A concepção do desejo segundo Hegel

Hegel busca explicar, em termos lógico-dialéticos e conceituais, toda a realidade da dinâmica do desejo e cobiça humana e do seu processo de afirmação e de realização no mundo. Para Hegel, o Eu consciente individual, tal como concebido originalmente por Descartes, é somente um conceito vazio e abstrato se não compreendida em sua relação dialética com objetos do mundo exterior. Este Eu vazio e abstrato torna-se concreto e preenchido de conteúdo à medida em que busca incorporar o mundo objetivo exterior (o não-Eu) para si.

Contudo, este processo de apropriação do mundo pelo sujeito (o não-Eu pelo Eu) tende a ser expansivo e destrutivo. Analogamente ao processo digestivo, o Eu só pode crescer destruindo e absorvendo tudo o que está a sua volta. O desejo humano, nesse sentido dialético hegeliano, pode ser explicado como uma expressão desta vontade aniquiladora e expansiva do Eu.

Assim, o Eu consciente do homem, para Hegel, implica em desejo. E é o desejo pelo desejo do outro o que diferencia o desejo humano pelo desejo dos demais animais, uma vez que é somente pelo reconhecimento do Outro que o homem toma consciência de si enquanto homem, identificado como um sujeito agente, autônomo e histórico.

O homem se confirma como humano na luta de morte por reconhecimento, ao arriscar a vida para satisfazer seu desejo humano, isto é, seu desejo que busca outro desejo. Hegel identifica contradições nesse processo humano de luta de morte por reconhecimento.
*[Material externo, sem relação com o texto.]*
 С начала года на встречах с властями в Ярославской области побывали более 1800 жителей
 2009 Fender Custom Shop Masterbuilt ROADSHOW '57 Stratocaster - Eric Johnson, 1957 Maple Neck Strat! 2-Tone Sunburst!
A derrota de um dos oponentes pela morte implica o fracasso na busca por reconhecimento, uma vez que o oponente morto não pode mais reconhecer e desejar o vitorioso. É preciso, que ambos os adversários continuem vivos após a luta, de modo que um abandone o seu desejo para satisfazer o desejo do outro, de reconhecê-lo sem ser reconhecido por ele, ou seja, de reconhecê-lo como senhor e ser reconhecido como escravo.

Toda realidade social humana implica, deste modo, a condição fundamental de violência, sujeição e dominação, uma vez que é somente pela luta entre o senhor e o escravo que o ser humano desenvolve sua consciência de si, seus valores e dignidade. Segundo Hegel, portanto, as relações de violência, dominação e subordinação constituem o motor do processo histórico social humano.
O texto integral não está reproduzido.